L'infirmier passerait bientôt pour la visite du soir, pourtant le vieil homme était encore planté devant le miroir de sa grande salle de bain. Cette dernière était un palace à elle toute seule, très lumineuse, et particulièrement pratique à l'entretien grâce à son carrelage blanc et noir. Il avait acheté cet appartement il y a six ans, justement parce que le matériel adapté aux personnes à mobilité réduite n'était pas trop visible.

Tout comme sa chambre, d'ailleurs. Il avait tout choisi pour ne surtout pas se sentir coincé dans un milieu médical.

Ses jambes nues et maigres tremblaient sous son poids, et il devait se tenir à la vasque pour garder l'équilibre, mais son regard n'arrivait pas à se détacher de cette personne qui n'était plus lui. Il pouvait rester longtemps dans cette position ces derniers temps, l'infirmier s'en était inquiété mais il n'en avait rien à faire. C'était déjà la fin, qu'est-ce qu'il se fichait de tomber sous la douche. Ce n'était plus comme à l'époque, où une simple incision sur le pied pouvait encore être synonyme de la fin du monde.

La personne qui lui faisait face dans le miroir monta sa main jusqu'à son visage, en passant de façon tremblante sur la peau presque transparente de son cou. C'était comme une caresse malvenue pour la texture trop flasque sous ses doigts.

L'une des premières choses qu'il avait regretté de sa jeunesse fut sa peau claire et lisse.

Dans les premiers temps, elle était seulement devenue moins élastique, plus fine, moins satinée. Sa sècheresse de plus en plus marquée avait rendu son visage plus sévère et ses yeux plus grands encore. Il s'était regardé dans la glace un matin, et il avait vu le changement, comme si ces détails lui sautaient à la gorge. Les sillons sur son visage lui avaient déjà paru totalement incontournables.

L'homme qu'il était alors avait remarqué le passage du temps sur sa peau, et son reflet dans le miroir lui avait renvoyé une émotion qui l'accompagnerait tout le reste de sa vie : Il était pourtant bien tôt à l'époque, pour avoir déjà peur de vieillir.

Valait-il mieux vivre dans un monde illusoire ou mourir dans la réalité de l'existence ?
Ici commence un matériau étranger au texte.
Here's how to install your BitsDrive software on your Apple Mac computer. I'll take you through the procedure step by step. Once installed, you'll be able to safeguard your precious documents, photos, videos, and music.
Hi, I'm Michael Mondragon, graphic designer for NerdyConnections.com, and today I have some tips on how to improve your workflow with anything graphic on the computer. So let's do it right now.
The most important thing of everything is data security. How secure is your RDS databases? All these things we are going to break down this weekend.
Il était déjà resté debout trop longtemps, ce qui le fit batailler durement pour rejoindre le déambulateur et encore plus pour garder le cap jusqu'à sa chambre. Parfois il se demandait s'il n'avait pas mal fait les choses. N'aurait-il pas été mieux installé chez ses enfants s'il en avait eu ? Ils auraient pu prendre soin de lui.
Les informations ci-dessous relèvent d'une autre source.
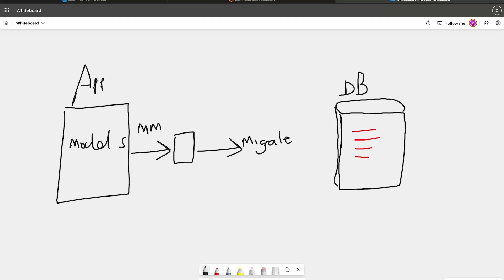At this point, what we don't necessarily want to happen is for Django to actually apply those changes to the database because those changes have already taken place.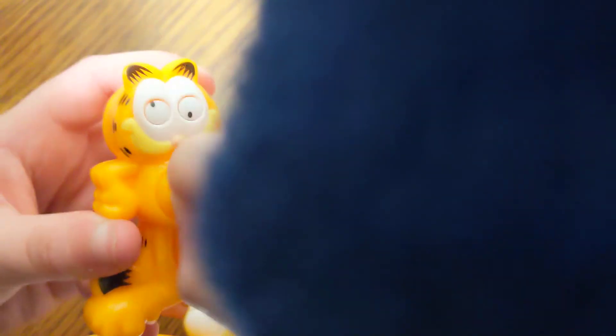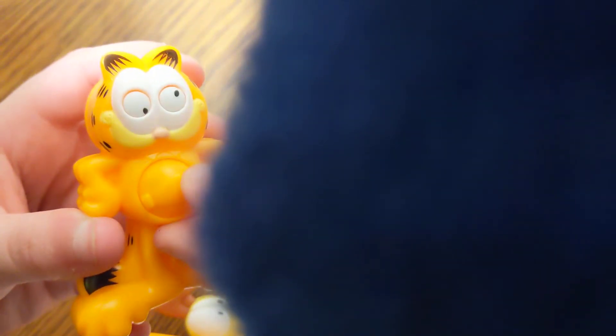Next one up is Yummy In My Tummy Garfield. There's a little tie sticking out. The eyes spin around. That's the gimmick. You can put this on there and do it.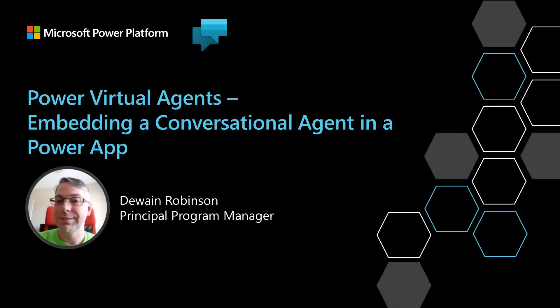Hello, my name is Dwayne Robinson. I'm a principal program manager in the Power Virtual Agents team, and today I'm going to show you how to embed a conversational agent in your Power app.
Un rire gras quitta ses poumons, secouant son corps au passage. Les enfants ne venaient pas au monde pour prendre soin de leurs parents, il aurait vraiment raté sa vie personnelle si ses pensées avaient dévié jusque-là. Non, il était millionnaire et sans aucune descendance, il avait largement les moyens de mourir tranquillement. Sans emmerder le monde. En silence.

Il s'installa lourdement au bord de son lit, sans même une relative sécurité ; il avait l'habitude de faire ces mouvements-là maintenant, et se contentait de se jeter autant qu'il le pouvait sur le lit. C'était dangereux, mais il ne se méfiait plus de rien. C'était exactement ce qui lui était arrivé quand il s'était installé ici... Il avait voulu faire semblant d'avoir vingt ans à nouveau.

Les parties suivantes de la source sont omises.